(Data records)

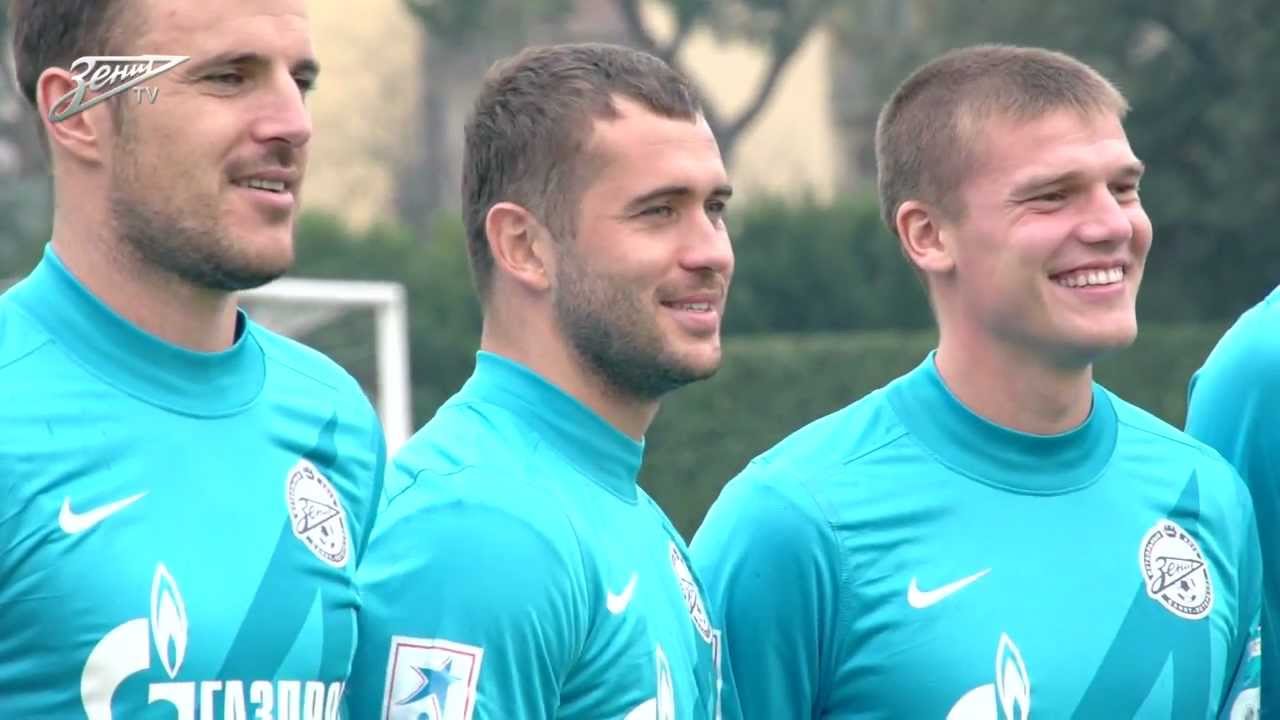 халк фильм «Зенит-ТВ»: фотосессия в Коверчано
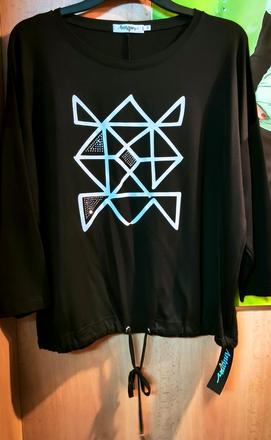 Dámske tričko s potlačou, 40 - xxxl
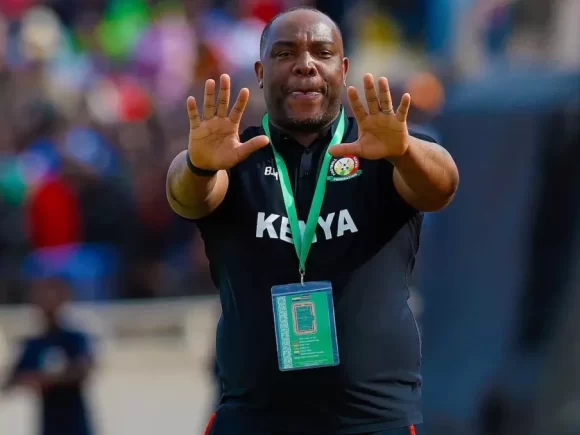 McCarthy: I am able to change things in Kenya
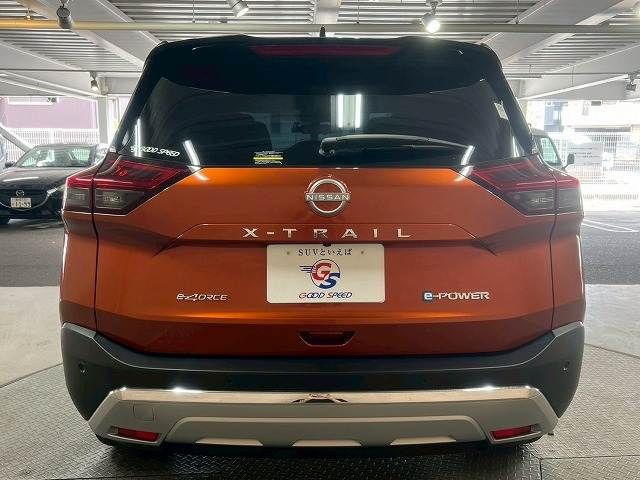 NISSAN X-TRAIL HYBRID 4WD 2023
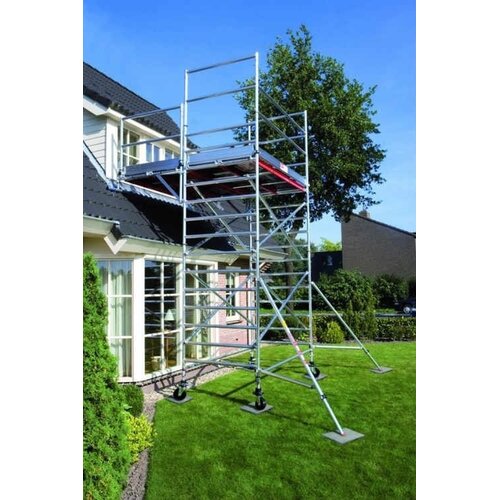 Altrex Altrex uitwijkconsole set (verstelbaar 0.75-1.35 meter)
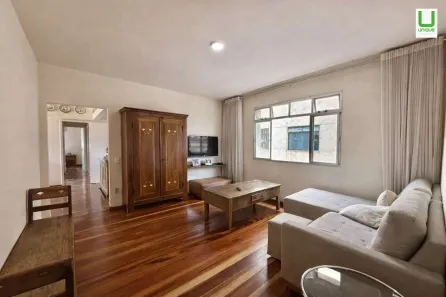 Apartamento com 3 Quartos à venda, 105m² no Santa Lúcia, Belo Horizonte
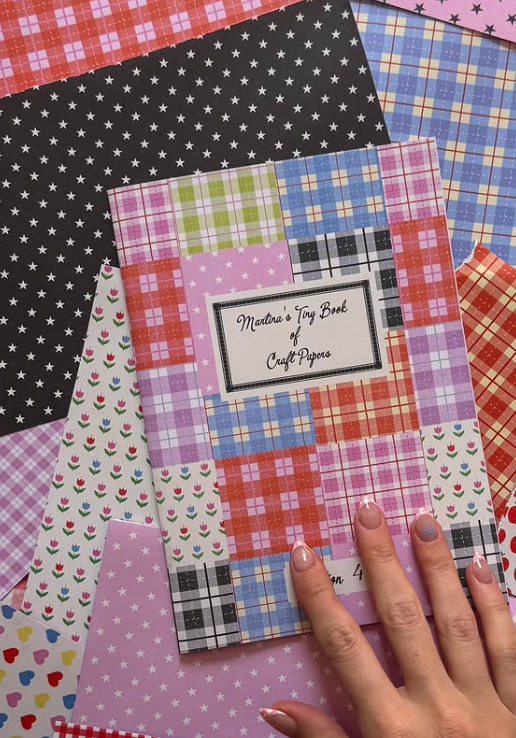 Martina's Tiny Store whimsical stationery and lifestyle goodies at Sean Scott Boutique — available in Burleigh Heads Gold Coast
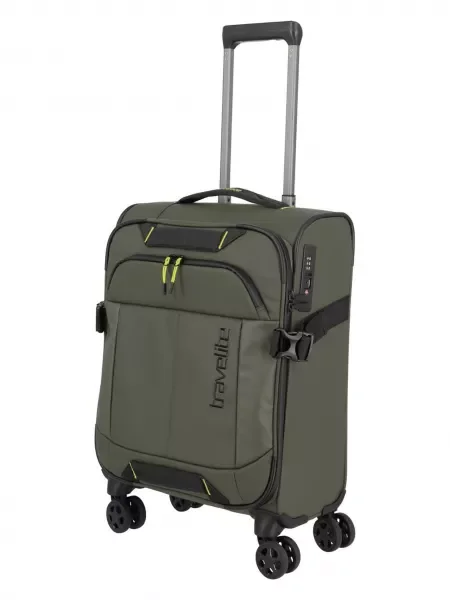Kufor Travelite zelená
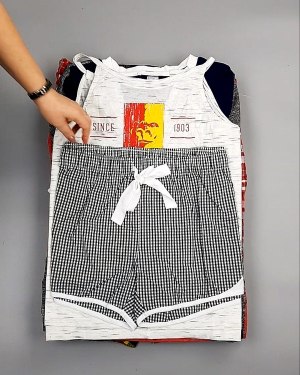 Фотография  986 - Домашняя одежда CAN 104#10 кг, ЛОТ №7328 оптом в Кызыле и республике Тыва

**Task objective**
Output the records exactly, pictures excluded.

**Result**
 халк фильм «Зенит-ТВ»: фотосессия в Коверчано
 Dámske tričko s potlačou, 40 - xxxl
 McCarthy: I am able to change things in Kenya
 NISSAN X-TRAIL HYBRID 4WD 2023
 Altrex Altrex uitwijkconsole set (verstelbaar 0.75-1.35 meter)
 Apartamento com 3 Quartos à venda, 105m² no Santa Lúcia, Belo Horizonte
 Martina's Tiny Store whimsical stationery and lifestyle goodies at Sean Scott Boutique — available in Burleigh Heads Gold Coast
Kufor Travelite zelená
 Фотография  986 - Домашняя одежда CAN 104#10 кг, ЛОТ №7328 оптом в Кызыле и республике Тыва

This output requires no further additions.